The Autism Society was founded in 1965 and provides education, resources, and referral services for families who need assistance dealing with Autism. Autism Awareness Month is one of the key months for the organization as they engage in numerous outreach activities. The organization encourages people to contact their local legislators, hold special events in their communities and become educated about Autism.
Sexual Assault Awareness Month
Sexual Assault Awareness Month’s beginnings trace back to the late 1970s in the United Kingdom. Women organized women-only protests in direct response to an upsurge in violence that women were enduring as they walked the streets at night. As time went by, the activities became more organized and the movement spread into the United States. In April of 1978, the first ever Take Back The Night march took place in San Francisco and New York City. Sexual Assault Awareness Month was first observed nationally in April of 2001.

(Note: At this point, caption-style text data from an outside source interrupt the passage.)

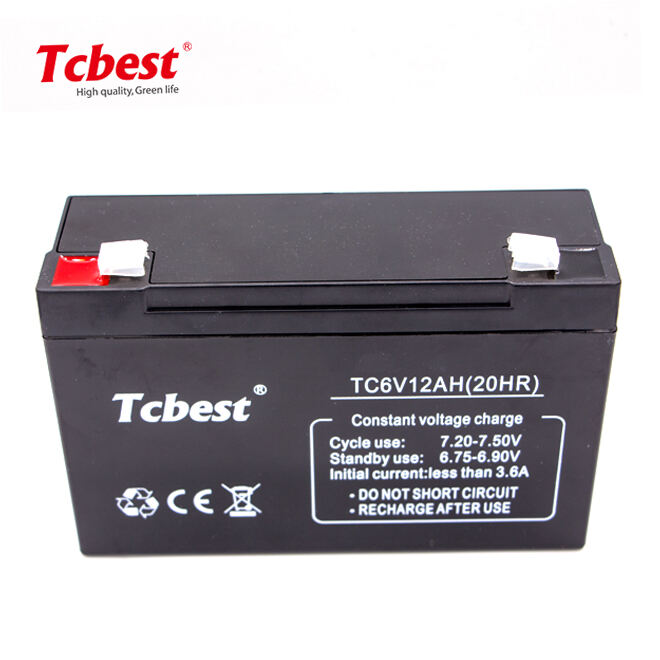 Competenza tecnica e servizi di supporto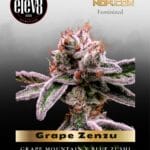 Grape Zenzu (Feminized) - Elev8 Seeds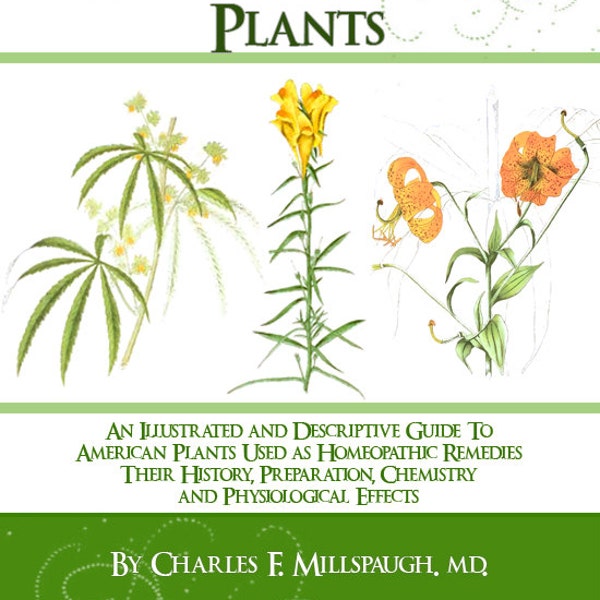 American Homeopathic Plants 369 Pages Printable Rare Illustrated and Descriptive Guide Volume 2 Read on iPad or Computer Instant Download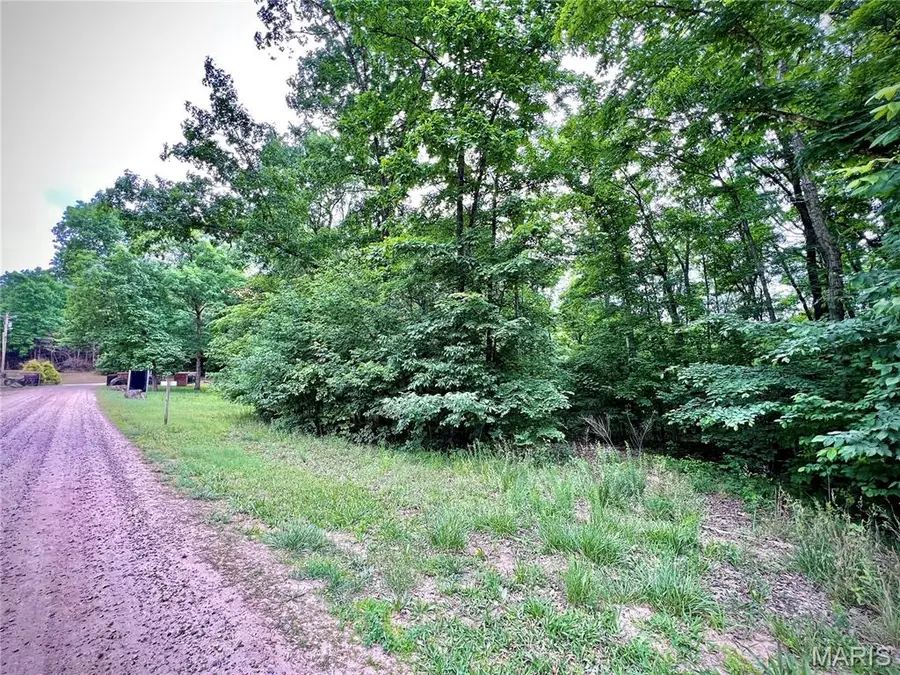 0 Canyon Club Estates, Piedmont, MO 63957 - #3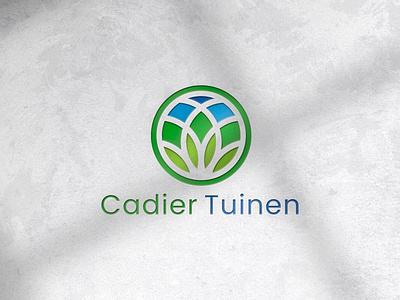 Cadier Tunen Logo Design and Logo Animation 2d animation brand identity branding creative creative logo design graphic design logo logo animation logoanimtion logofolio logomotion minimalist modern motion design motion graphics vector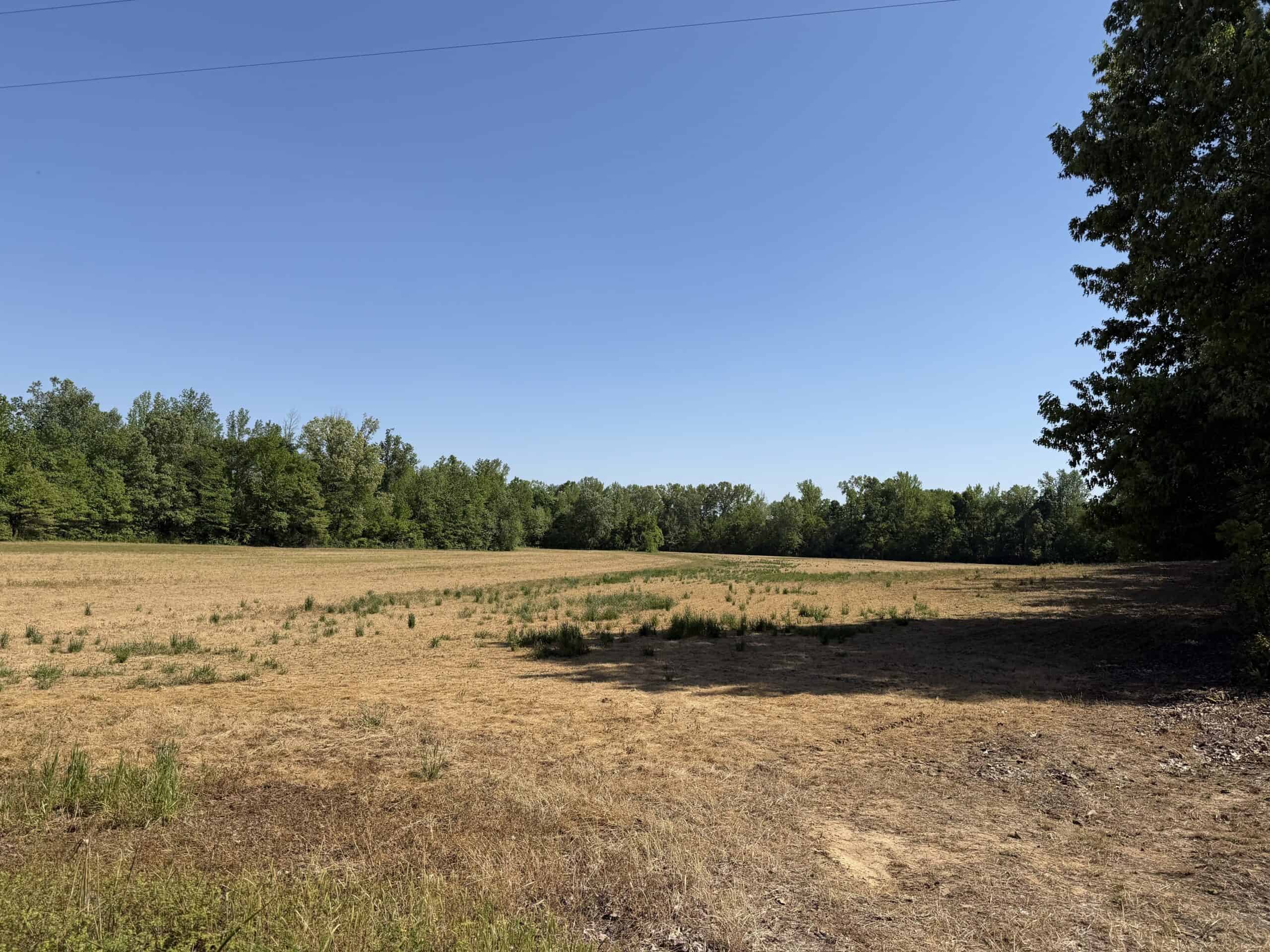 LAND FOR SALE IN TN, 19 AC, TILLABLE, CREEK, BUILDING SITE
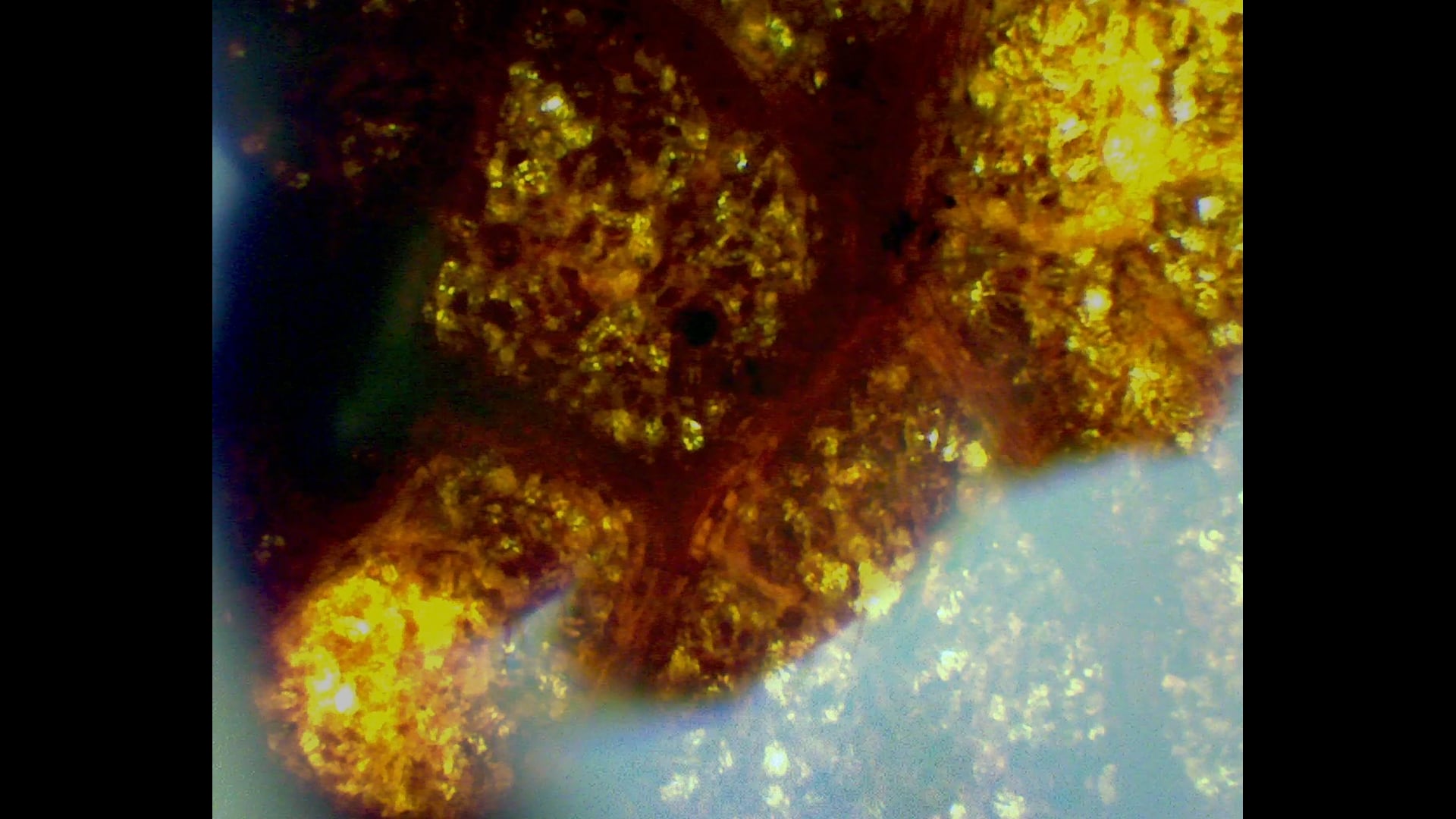 A Study of Bugs, Mushrooms, Leaves, Slugs, and Berries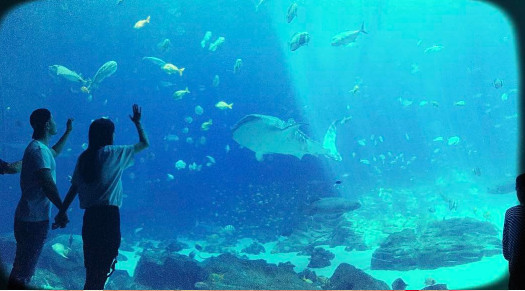 情侣装逛水族馆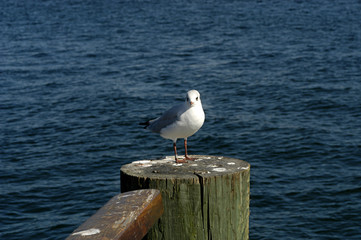 seagull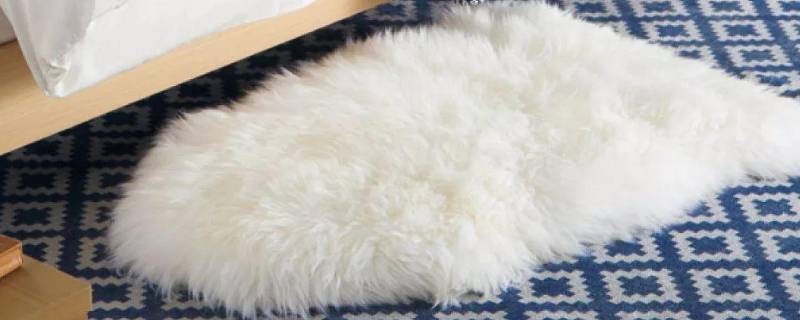 一整块羊毛皮怎么洗 一整块羊毛皮怎么洗才干净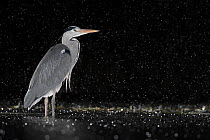 RF - Grey heron (Ardea cinerea) standing in pond at night in the rain, near Bourne, Lincolnshire, UK. January. (This image may be licensed either as rights managed or royalty free.)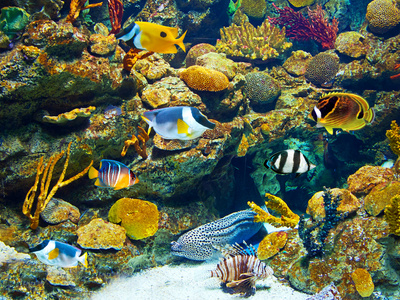 丰富多彩的水族馆生活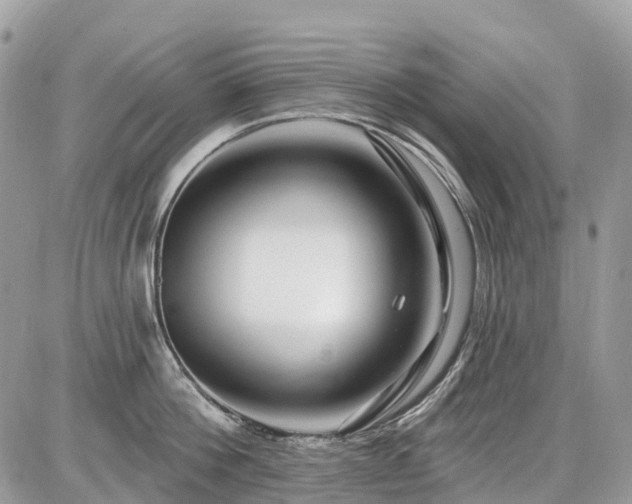 X0000086780812200704131213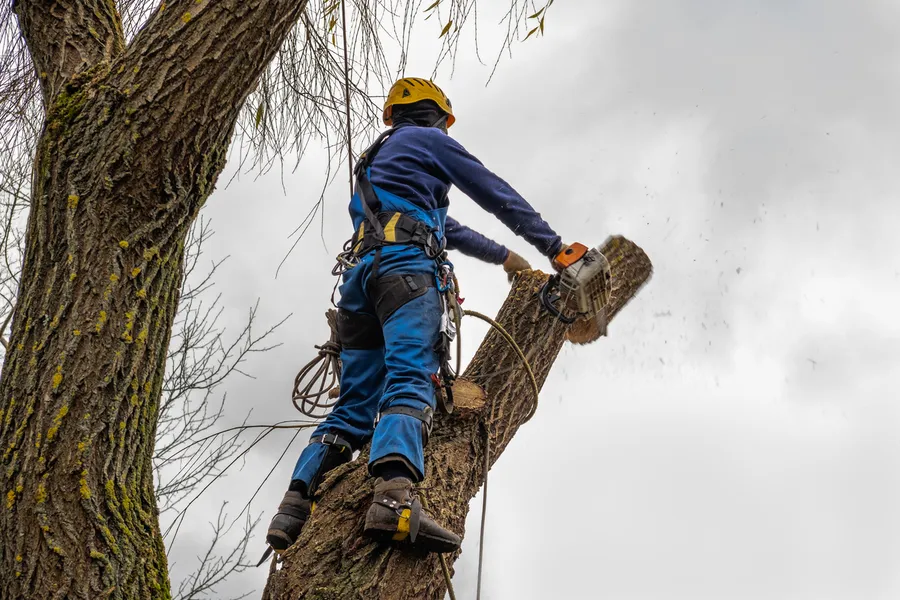 Professional Tree Cutting Service Pittsboro, NC Professional Tree Cutting Service Pittsboro, NC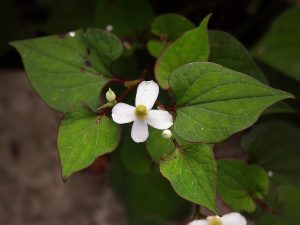 Cây diếp cá – Houttuynia cordata, nguồn nguyên liệu chiết xuất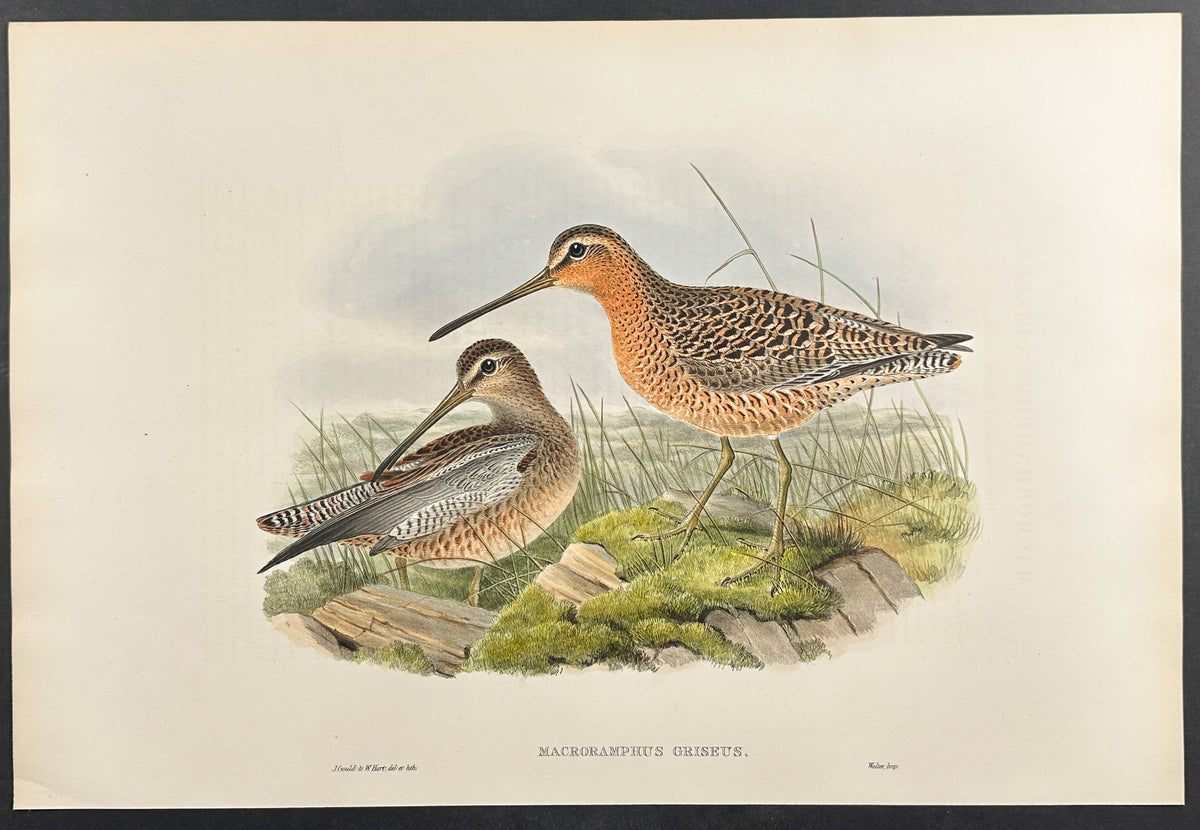 Red-breasted or Brown Snipe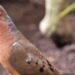 Após mais de 50 anos de extinção, ave dá à luz filhotes em zoológico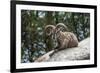 Typical Goat of Northern India Rests on a Rock in the Sun in a Wildlife Reserve, Darjeeling, India-Roberto Moiola-Framed Photographic Print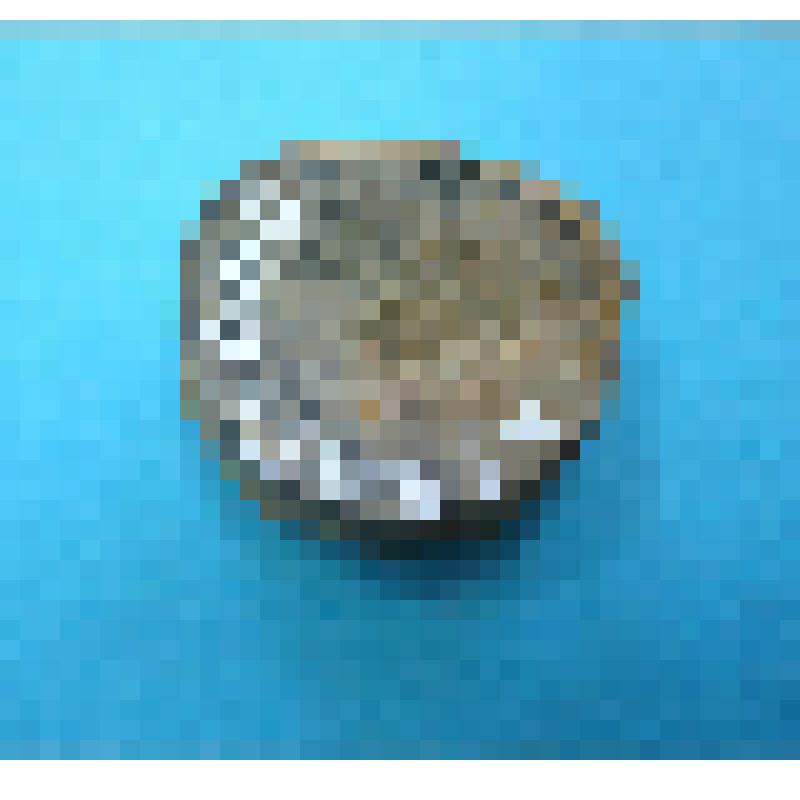 Позвонок, ископаемой акулы. Класс Chondrichthyes (хрящевые рыбы)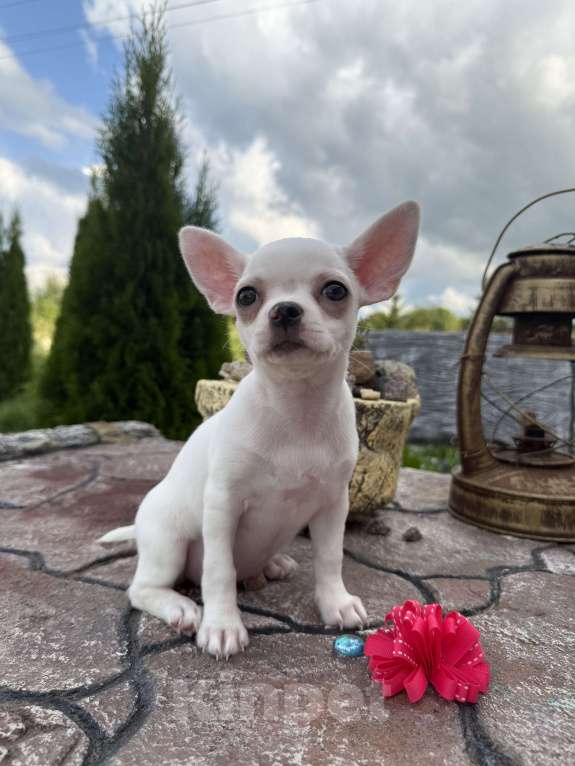 Собаки в Москве: Белоснежный щенок чихуахуа девочка короткошерстная   Девочка, 45 000 руб. - фото 4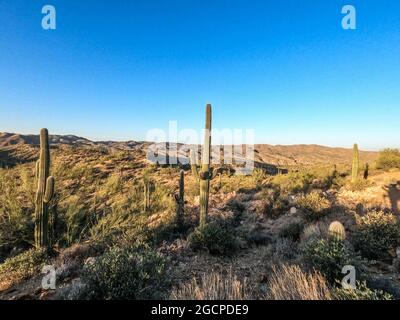 Der höchste Kaktus der Welt, der saguaro, der Arizona Trail, der Saguaro National Park, Arizona, USA Stockfoto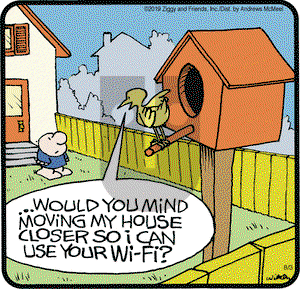 Ziggy on Saturday August 3, 2019 Comic Strip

Sexual violence is a serious public health, human rights, and social justice issue affecting both men and women. Sexual Assault Awareness Month is often used to highlight and reinforce the need for worldwide prevention efforts. The World Health Organization estimates that 35% of women worldwide have experienced sexual violence in their lifetimes; in some countries, the likelihood is upwards of 70% that a woman will be sexually assaulted. The U.S. Department of Justice projects that one in four college women will experience an attempted or completed sexual assault before completing a college degree.
Please consider attending an event to support one or both of the populations highlighted above.